-- Your instructions --
Begin at the line below that holds "Hello, this is" and end at the line that holds "This is a test of WinDRM.", transcribing each line exactly and skipping any picture.

-- Extracted records --
----------
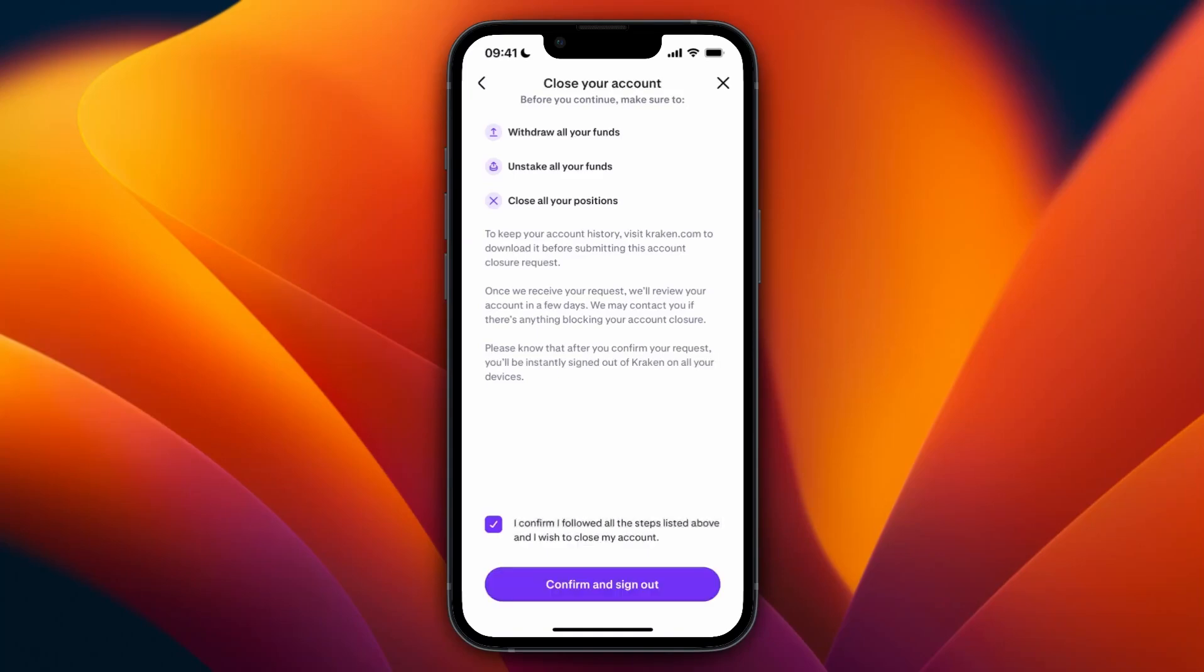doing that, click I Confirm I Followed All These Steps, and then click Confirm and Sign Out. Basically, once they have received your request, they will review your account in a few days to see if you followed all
----------
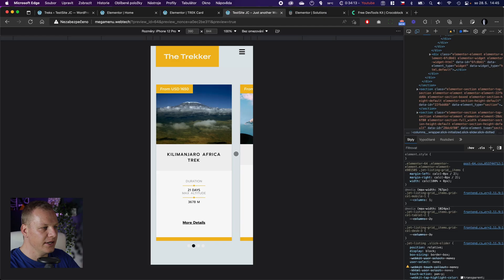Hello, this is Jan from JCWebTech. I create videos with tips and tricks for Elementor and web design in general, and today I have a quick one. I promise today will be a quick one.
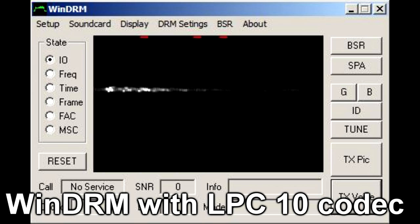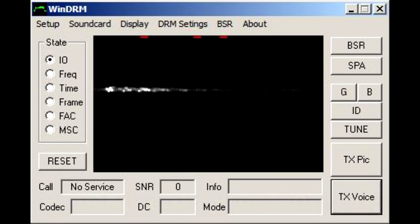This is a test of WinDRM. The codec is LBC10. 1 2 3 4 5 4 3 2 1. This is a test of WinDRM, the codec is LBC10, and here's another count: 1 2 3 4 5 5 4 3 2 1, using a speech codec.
----------
-- Response to this exercise --
Hello, this is Jan from JCWebTech. I create videos with tips and tricks for Elementor and web design in general, and today I have a quick one. I promise today will be a quick one.
This is a test of WinDRM. The codec is LBC10. 1 2 3 4 5 4 3 2 1. This is a test of WinDRM, the codec is LBC10, and here's another count: 1 2 3 4 5 5 4 3 2 1, using a speech codec.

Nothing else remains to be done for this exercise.